A coroner’s inquest will be held in the strangulation death of a Lumpkin County man on Georgia’s death row that some believe was a murder.
The Dec. 6 death of Timothy Pruitt was first reported as the result of an apparent suicide.
Pruitt, 43, spent 12 years at Georgia Diagnostic and Classification Prison awaiting execution for the 1992 rape and murder of 10-year-old Wendy Nicole Vincent of Dahlonega. He died 17 days after he was found hanging by a bed sheet in his cell at Georgia Diagnostic and Classification Prison in Jackson.

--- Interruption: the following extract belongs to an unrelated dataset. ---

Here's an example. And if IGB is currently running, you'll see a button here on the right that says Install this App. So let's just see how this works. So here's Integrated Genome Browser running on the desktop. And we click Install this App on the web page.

Butts County Coroner Ralph Wilson said the Georgia Bureau of Investigation is looking into the death of Pruitt and another death row inmate, Leeland Mark Braley, who was found hanging in his cell Jan. 1.
Wilson said witnesses will be supoenaed and juries seated to hear evidence about both deaths in separate inquests. He said he is waiting for the GBI and the Georgia Department of Corrections to wrap up their probes before scheduling the inquests.

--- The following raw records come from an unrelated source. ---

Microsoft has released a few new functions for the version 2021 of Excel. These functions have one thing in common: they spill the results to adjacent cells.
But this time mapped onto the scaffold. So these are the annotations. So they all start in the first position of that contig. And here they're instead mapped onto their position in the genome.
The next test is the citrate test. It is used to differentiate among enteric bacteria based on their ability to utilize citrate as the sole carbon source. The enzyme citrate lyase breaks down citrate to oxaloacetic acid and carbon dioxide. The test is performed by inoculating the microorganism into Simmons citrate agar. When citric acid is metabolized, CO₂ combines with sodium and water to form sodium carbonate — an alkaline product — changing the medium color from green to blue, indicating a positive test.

Braley’s death is generally accepted as a suicide, but many within Georgia’s prisoner advocacy community believe Pruitt was murdered by another inmate, said Sara Totonchi, Director of the Southern Center for Human Rights and a member of Georgians for Alternatives to the Death Penalty.
“He was in the process of writing a letter to his fiance at the time of his death,” Totonchi said.

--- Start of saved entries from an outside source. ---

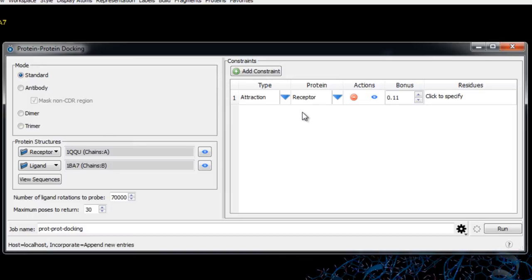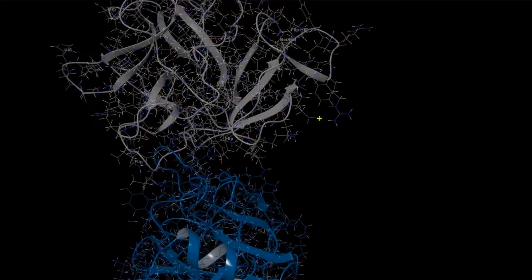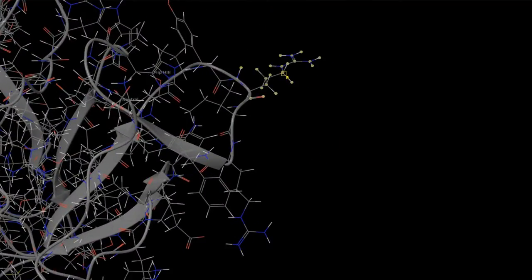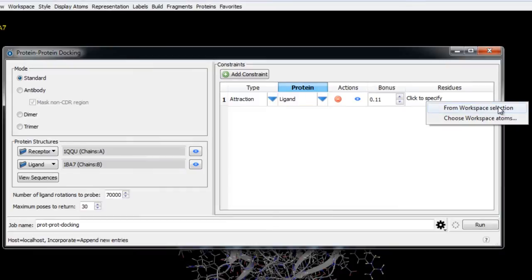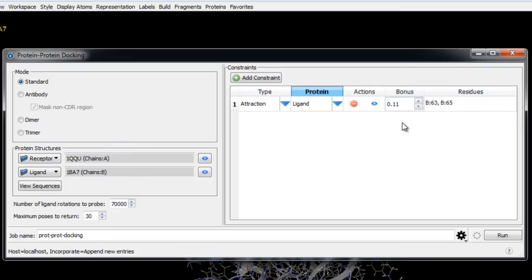For example, let's assume we know in advance that arginine 63 and arginine 65 on 1BA7 bind at the interface of 1QQU. We'll make sure the constraint is set to attraction and protein is set to ligand since 1BA7 is our ligand, then we'll head to the workspace, click R on the keyboard to change the selection mode to residue, and shift-click arginine 63 and arginine 65. We then choose from workspace selection as the residues for the constraint. The bonus value, which must be in the range 0.11 to 0.99, is added to 1 to define a scaling factor for the attractive potential — we'll leave it as the default.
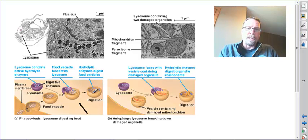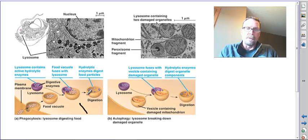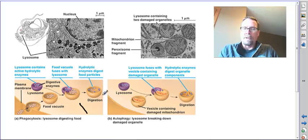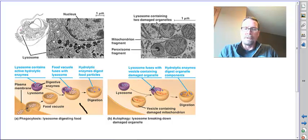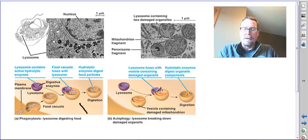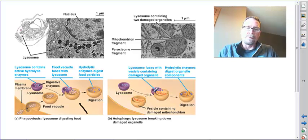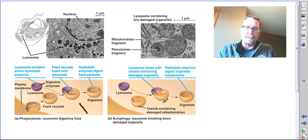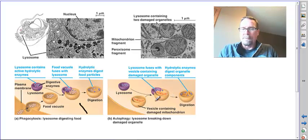Then the lysosome will mesh with it, bringing the enzymes. Eventually this vacuole will break apart and bring the nutrients, or at least the nutrients will be used and the others will be destroyed. Here it also controls old proteins and damaged mitochondria.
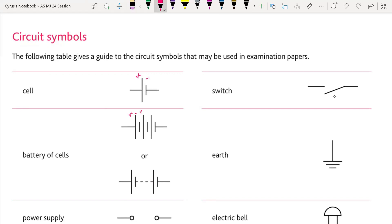In a battery of cells, the terminals alternate: positive, negative, positive, negative, positive, negative. This is a switch — an open switch. When this point attaches with the other, it becomes a closed switch.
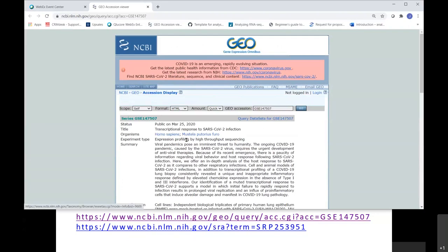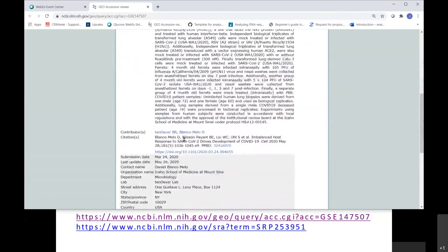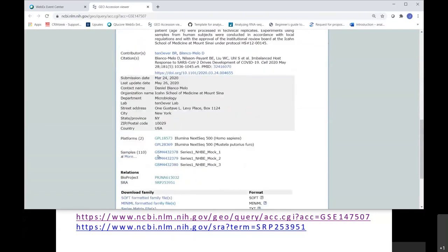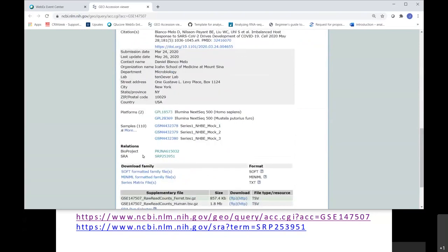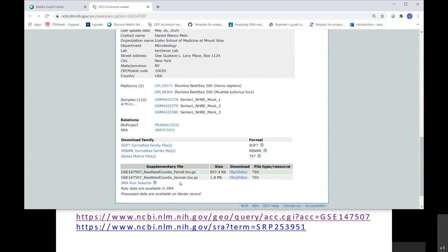Now I'm at Gene Expression Omnibus. We can see this was published in March 2020, and here we have more information about it — the two platforms and information about the samples. You can see the BioProject identifier and click on the SRA identifier for the project. In this case we also have two supplementary files you can download — raw read counts. In some cases you have this type of raw read counts; in other cases you may have 10x files. But in this webinar we'll focus on the raw FASTQ files in the SRA.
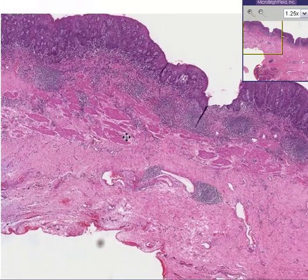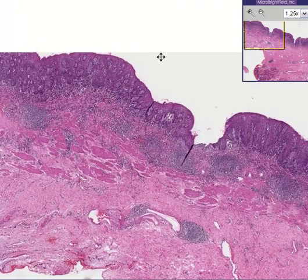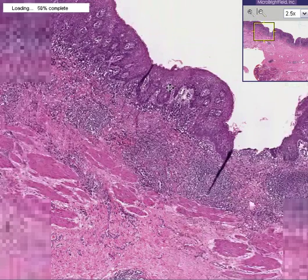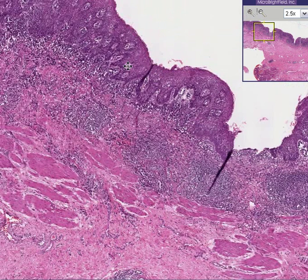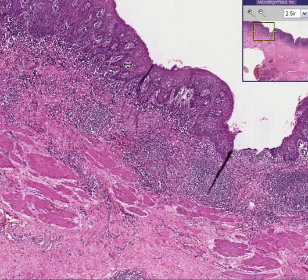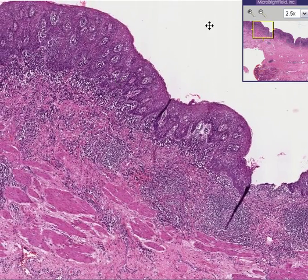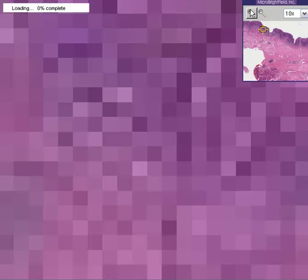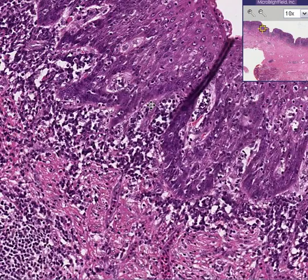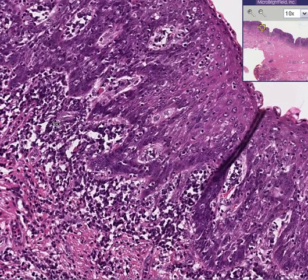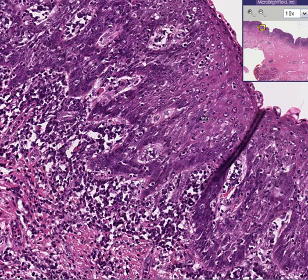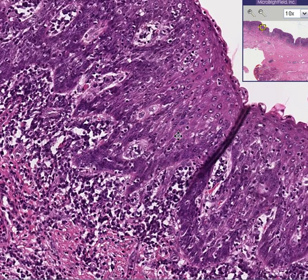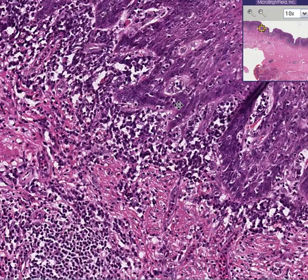Here we have the outer edge, which we can call the serosa, mucosa, or adventitia — it really doesn't matter. The main thing you can notice from this esophagus is that there is a very heavy infiltrate of chronic inflammatory cells, i.e., chiefly lymphocytes.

The Georgia Department of Corrections did not return several phone and e-mail messages seeking comment last week.
Kari Ohland, who said she visited Pruitt every weekend and was his fiance, said she spoke with Pruitt the day he was found hanged.
She said the letter that Pruitt was writing to her that day was later found and sent to her.
“There was no indication he was suicidal,” she said. “Not at all. He was saying how excited he was to see me that weekend. There’s no way he choked himself.”
Ohland said she was later told by another death row inmate, Michael Nance, that convicted quadruple killer Jerry William Jones was seen going into Pruitt’s cell shortly before he was found. Inmates’ cell doors were open and guards stayed inside observation booths during certain times of the day, she said.
Since the two deaths, death row has been on 23-hour a day lockdown, with no contact visits for inmates, Totonchi said.
Ohland said she refuses to believe Pruitt’s death was a suicide.
“There’s no way he would have done that to me,” she said.